As of this writing, Takashi Miike has 99 directing credits on IMDB. Of those 99, I challenge you to find a film stranger than Yakuza Apocalypse. Yes, he’s directed sadistically gory pictures like Ichi the Killer, goofy films like Zebraman, and prestige pics like his 3-D remake of Hara-Kiri. He definitely has a broad range, but he’s never mashed all these genres up into a single picture until now.
The story starts out simply enough. A Yakuza oyabun (boss), who just happens to be a vampire, is beheaded by a nerdy guy with a backpack and his friend who looks like Vampire Hunter D. One of the boss’s underlings, Kageyama, is bitten by the head before it dies, thereby becoming a vampire and the gang’s new oyabun. That’s where things start to get really weird. I won’t give away too much, but I will tell you that the climactic battle features a supernatural creature in a theme park character costume that looks a lot like HR Pufnstuff. No, I am not making this up.

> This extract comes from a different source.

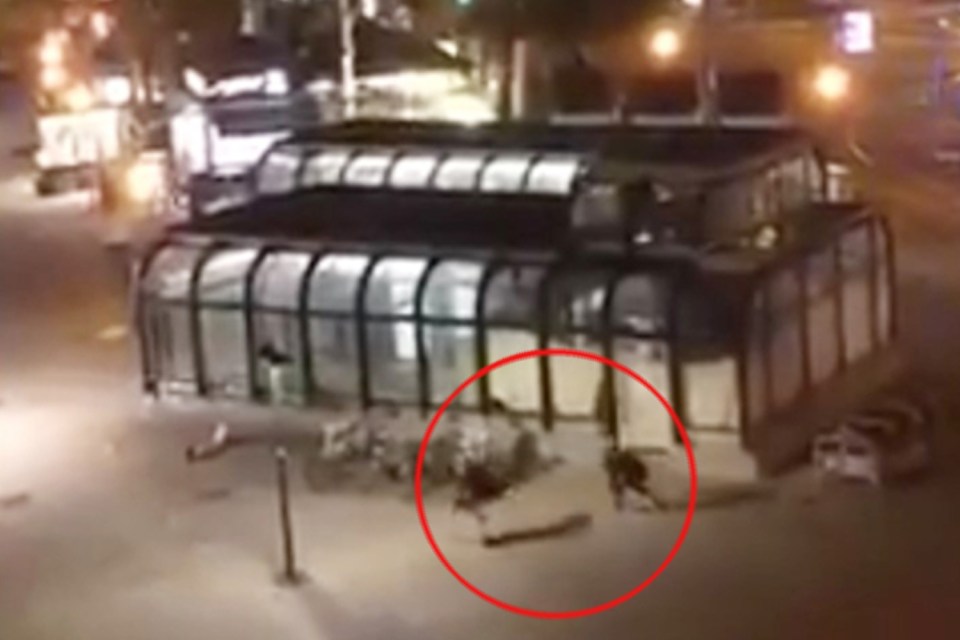 This is the moment the two friends run from the gunman after helping a woman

Let me start by saying that I was genuinely excited to see this film. While I haven’t enjoyed every movie that Miike has made, I do appreciate the fact that he often tries new things. If you do that enough, you’ll fail part of the time. For me, Yakuza Apocalypse is one of those failures. Not only did I dislike it; I found it boring, and that’s a word I never thought I’d use in association with Miike’s work.
The story has no drive. Kageyama is shown to be a loyal and ambitious underling who’s picked on by the other Yakuza. You might imagine a revenge scenario, and that does sort of play out briefly, but then we move on. The picture has no backbone. It’s just a random sequence of odd events punctuated by appearances of the Vampire Hunter D weirdo–a guy in an Elizabethan ruff who speaks incomprehensible English sans subtitles. We’re never allowed to get close enough to Kageyama to root for him…or against him. I just didn’t care what happened next.
My conclusion is that this is all played for comedy and I just didn’t get it. I rarely find Japanese comedies to be funny, so it would follow that the comedic elements of this one wouldn’t land with me. Perhaps this is Miike’s Evil Dead 2.
As to the design and execution of the movie, all of the elements are top-notch. Miike clearly knows how to make a movie look and sound great, even when using a crew of relative newcomers. Of particular interest to me, was the film’s portrayal of a kappa–a vampiric creature from Japanese folklore.
While I can’t recommend this feature, I do applaud Miike for trying new things. He continues to push the margins so far that he sometimes falls right off the edge of the paper. That’s what it means to be an artist. The Hollywood machine certainly needs more directors like Miike behind the camera. Instead, the big studios are trying to take away directorial clout by relying on marquee franchises in place of inspired talent. But that’s a post for another day.